• Available data:

--------------------------------------------------

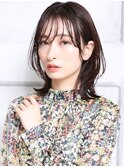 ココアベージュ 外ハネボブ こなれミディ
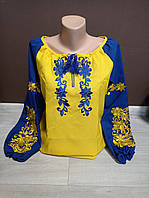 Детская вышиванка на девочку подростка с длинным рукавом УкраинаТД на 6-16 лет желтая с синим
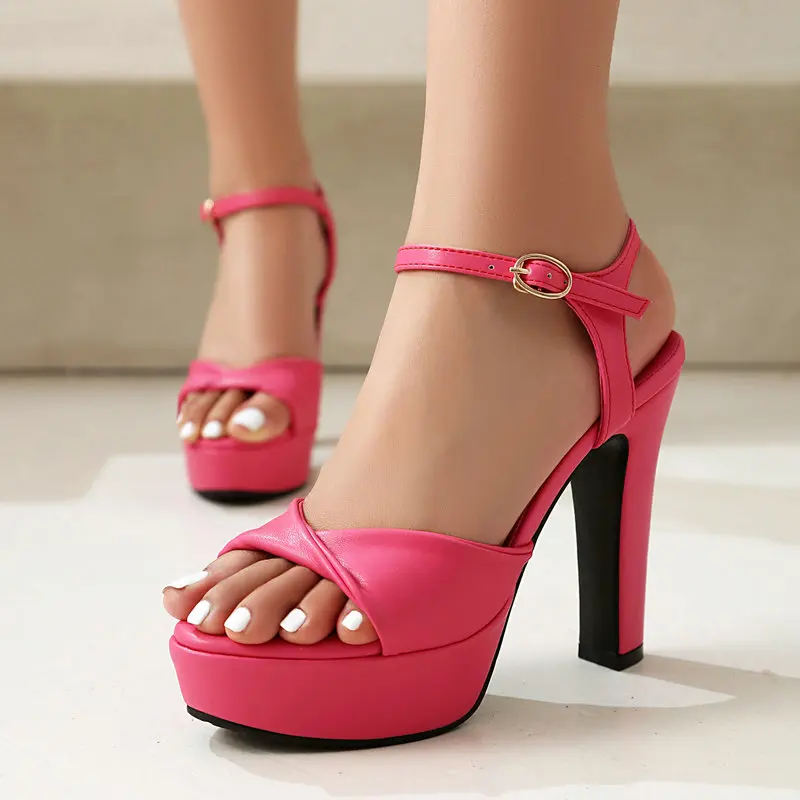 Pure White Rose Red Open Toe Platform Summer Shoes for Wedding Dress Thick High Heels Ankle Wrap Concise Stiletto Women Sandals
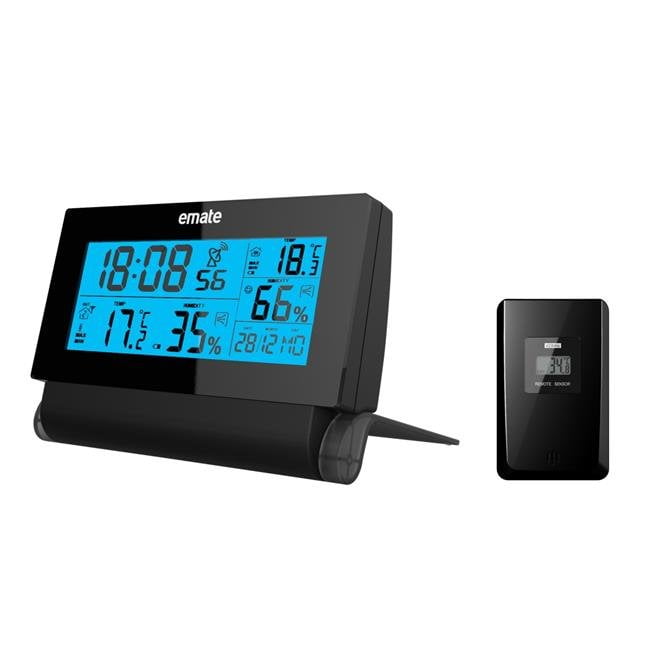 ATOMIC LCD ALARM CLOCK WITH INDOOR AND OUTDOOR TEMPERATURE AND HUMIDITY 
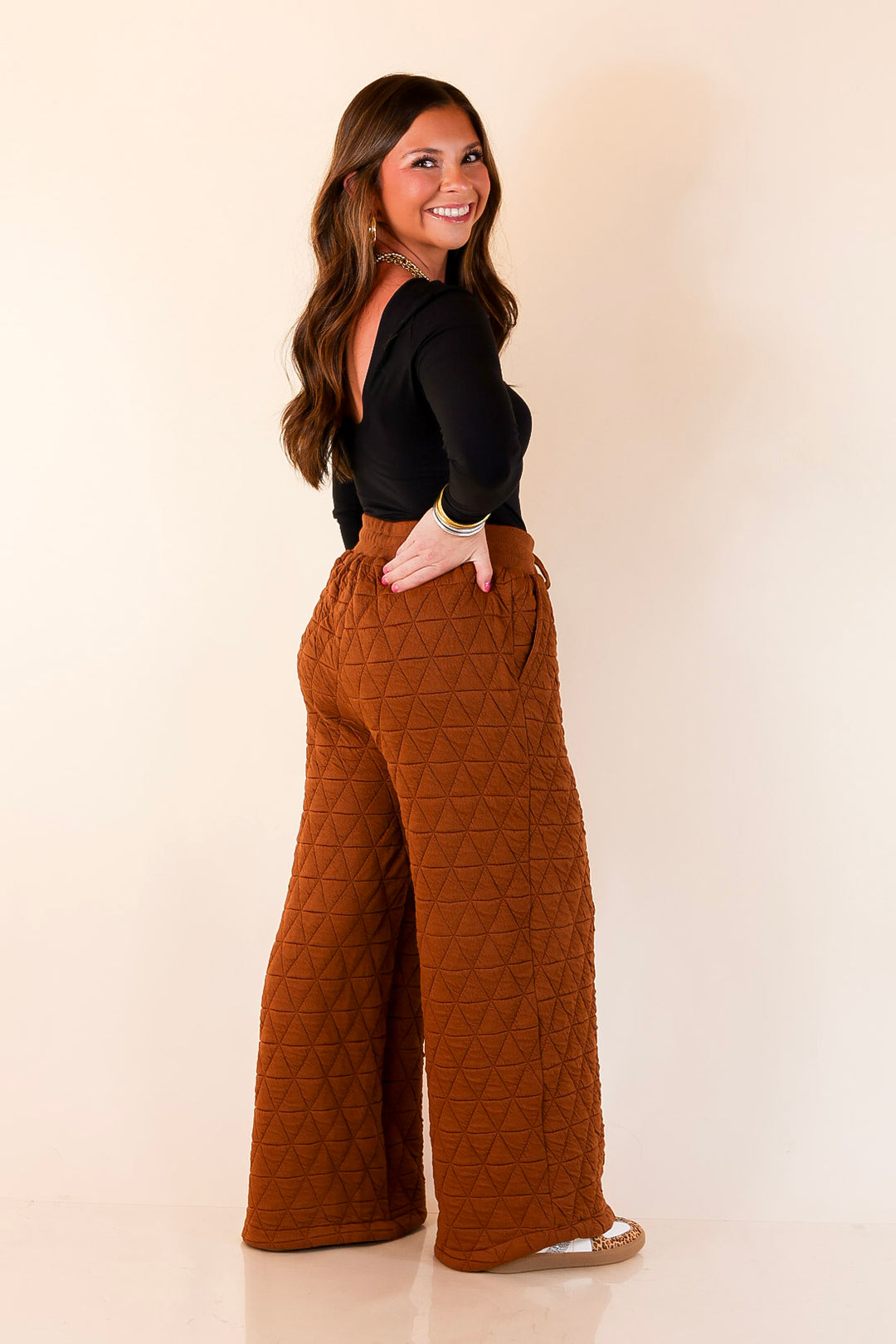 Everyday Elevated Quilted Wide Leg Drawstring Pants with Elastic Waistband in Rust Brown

--------------------------------------------------

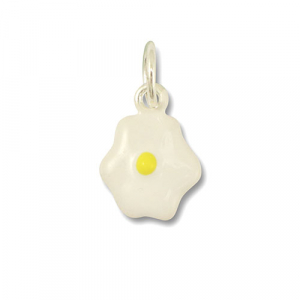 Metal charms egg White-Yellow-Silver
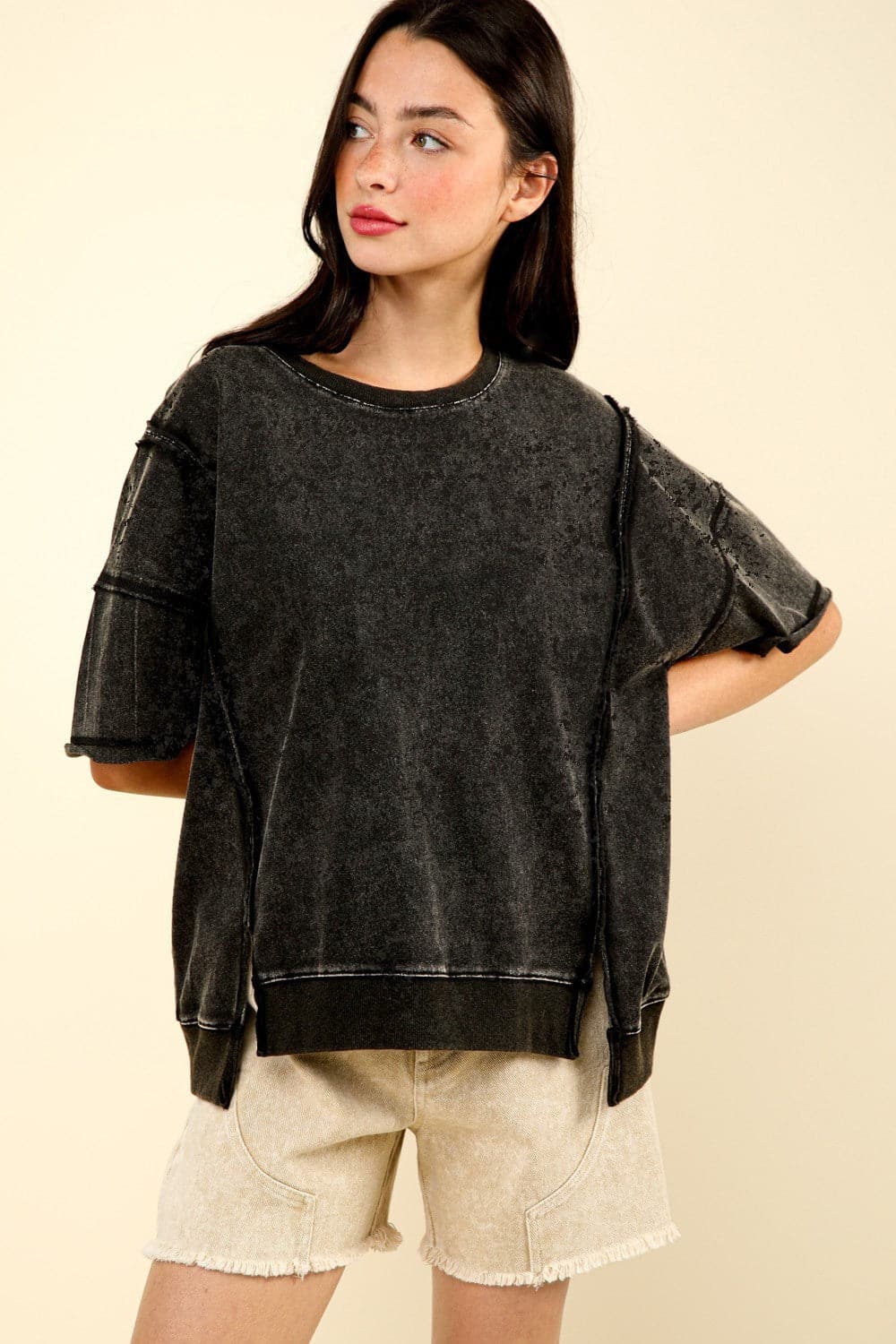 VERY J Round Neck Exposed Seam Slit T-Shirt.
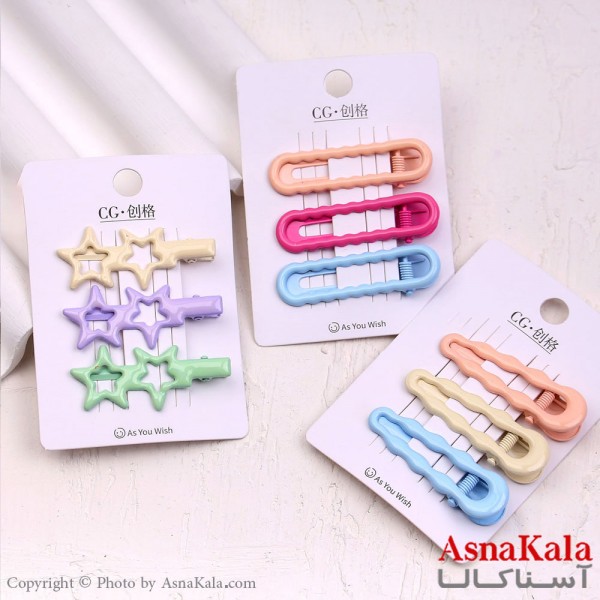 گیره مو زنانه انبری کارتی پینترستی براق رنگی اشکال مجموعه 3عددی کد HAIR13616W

--------------------------------------------------

• Task goal: Of the lines above, copy only those from the one holding "Детская вышиванка на" to the one holding "Pure White Rose", both included, and exclude every image.

• Solution for this problem:
 Детская вышиванка на девочку подростка с длинным рукавом УкраинаТД на 6-16 лет желтая с синим
 Pure White Rose Red Open Toe Platform Summer Shoes for Wedding Dress Thick High Heels Ankle Wrap Concise Stiletto Women Sandals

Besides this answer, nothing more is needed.